═════ RECORDS FOR THIS TASK ═════

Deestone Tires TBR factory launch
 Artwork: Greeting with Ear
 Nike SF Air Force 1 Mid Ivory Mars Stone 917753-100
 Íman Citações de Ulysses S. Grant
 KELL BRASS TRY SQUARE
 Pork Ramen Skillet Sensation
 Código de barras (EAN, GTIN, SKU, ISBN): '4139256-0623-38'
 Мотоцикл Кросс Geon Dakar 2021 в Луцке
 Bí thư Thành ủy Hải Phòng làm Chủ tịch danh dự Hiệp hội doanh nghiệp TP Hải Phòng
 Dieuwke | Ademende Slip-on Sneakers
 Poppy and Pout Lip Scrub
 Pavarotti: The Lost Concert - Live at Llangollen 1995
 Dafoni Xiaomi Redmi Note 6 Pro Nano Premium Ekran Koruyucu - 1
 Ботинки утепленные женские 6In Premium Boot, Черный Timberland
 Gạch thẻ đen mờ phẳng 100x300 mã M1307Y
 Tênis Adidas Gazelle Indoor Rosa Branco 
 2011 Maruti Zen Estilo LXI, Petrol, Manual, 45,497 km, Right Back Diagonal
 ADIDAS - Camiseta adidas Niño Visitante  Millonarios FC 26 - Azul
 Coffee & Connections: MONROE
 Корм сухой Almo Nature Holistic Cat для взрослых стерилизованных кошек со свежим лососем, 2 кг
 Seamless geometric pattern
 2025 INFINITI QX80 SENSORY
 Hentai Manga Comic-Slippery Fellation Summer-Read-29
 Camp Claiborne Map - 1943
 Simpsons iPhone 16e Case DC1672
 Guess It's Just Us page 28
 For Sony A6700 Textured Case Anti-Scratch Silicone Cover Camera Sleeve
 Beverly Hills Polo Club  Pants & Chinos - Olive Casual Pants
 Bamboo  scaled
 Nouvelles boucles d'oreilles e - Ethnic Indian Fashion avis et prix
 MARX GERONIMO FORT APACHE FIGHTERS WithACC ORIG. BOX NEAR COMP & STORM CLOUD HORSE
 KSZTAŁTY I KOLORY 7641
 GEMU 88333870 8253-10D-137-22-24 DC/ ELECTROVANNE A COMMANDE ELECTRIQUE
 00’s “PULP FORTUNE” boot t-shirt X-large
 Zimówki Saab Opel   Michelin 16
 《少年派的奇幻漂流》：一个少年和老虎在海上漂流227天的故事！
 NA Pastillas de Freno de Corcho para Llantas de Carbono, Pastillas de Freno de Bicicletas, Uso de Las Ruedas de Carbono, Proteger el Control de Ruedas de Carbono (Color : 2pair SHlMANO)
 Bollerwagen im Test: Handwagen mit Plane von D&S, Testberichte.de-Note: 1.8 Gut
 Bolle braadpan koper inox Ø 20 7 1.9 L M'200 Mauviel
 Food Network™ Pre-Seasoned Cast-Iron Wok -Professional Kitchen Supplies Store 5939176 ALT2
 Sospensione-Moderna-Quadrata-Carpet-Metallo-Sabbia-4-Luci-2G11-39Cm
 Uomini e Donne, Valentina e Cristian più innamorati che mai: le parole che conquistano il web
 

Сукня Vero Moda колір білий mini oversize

═════

TASK STATEMENT
Only the lines above from the line containing "Seamless geometric pattern" through the line containing "Beverly Hills Polo" should be retyped, exactly and with both ends included.

EXERCISE OUTPUT
 Seamless geometric pattern
 2025 INFINITI QX80 SENSORY
 Hentai Manga Comic-Slippery Fellation Summer-Read-29
 Camp Claiborne Map - 1943
 Simpsons iPhone 16e Case DC1672
 Guess It's Just Us page 28
 For Sony A6700 Textured Case Anti-Scratch Silicone Cover Camera Sleeve
 Beverly Hills Polo Club  Pants & Chinos - Olive Casual Pants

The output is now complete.